ESCRITORES MINEIROS - MARIA ESTHER MACIEL

Pensamento com emoção

 

Maria Esther Maciel mergulha fundo na prosa de ficção depois de publicar livros de poesia e trilhar carreira sólida na área de pesquisa em literatura e sobre o cinema contemporâneo

 

Carlos Herculano Lopes

 

 

 

 

 

Ela começou fazendo poesia, como várias mulheres de sua geração. Depois passou para o ensaio, em seguida para o romance e, hoje, é craque em todos esses gêneros. Ela é Maria Esther Maciel, mineira de Patos de Minas, que nos anos 1980 veio para Belo Horizonte estudar letras e, desde então, vive aqui, onde é professora de teoria da literatura e literatura comparada na Faculdade de Letras da UFMG. Mas o gosto pela escrita, como lembra, começou na sua terra, onde teve o incentivo de alguns professores, escritores e dentro da própria família. Com o seu último romance, o belo e bem costurado O livro dos nomes, lançado no ano passado, a escritora continua a carimbar seu nome, cada vez com mais força, no universo da literatura brasileira contemporânea.
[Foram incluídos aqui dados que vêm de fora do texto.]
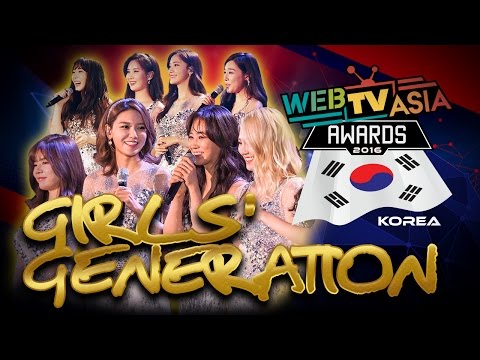 WebTVAsia Awards 2016 Performance - Girls Generation (SNSD)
Como ensaísta, Maria Esther Maciel lançou, entre outros, As vertigens da lucidez - poesia e crítica em Octávio Paz, um dos seus textos mais conhecidos. Infatigável na busca de novas possibilidades da literatura, a escritora está envolvida com nova pesquisa, que pode surpreender quem conhece seus trabalhos voltados para autores sempre sofisticados e eruditos, como Jorge Luis Borges, Octávio Paz e Peter Greenway. “Atualmente estou desenvolvendo novo trabalho sobre a presença dos animais na literatura”, conta a escritora em entrevista ao Pensar.



Quando estudava na Faculdade de Letras da UFMG você escrevia poemas. Depois passou para o ensaio e em seguida para o romance. Como se deu essa metamorfose literária?

Na realidade comecei escrevendo prosa, quando eu tinha por volta de 15 anos, e publiquei em capítulos, em um jornal de Patos de Minas, uma novela inspirada em As mil e uma noites. Depois passei a fazer poemas, alguns contos e escrevi resenhas, que também foram publicadas na imprensa local. Quando vim para Belo Horizonte, para estudar letras, continuei me exercitando nesses gêneros, até me voltar também para o ensaio, em função dos meus estudos na faculdade. Devido a isso, fiquei durante um bom tempo afastada da poesia e da ficção, até finalmente retomá-la com o lançamento de O livro de Zenóbia, que é uma espécie de prosa híbrida. Mas na qual a poesia, de certa maneira, também está presente. Agora, com O livro dos nomes, me voltei especificamente para a narrativa.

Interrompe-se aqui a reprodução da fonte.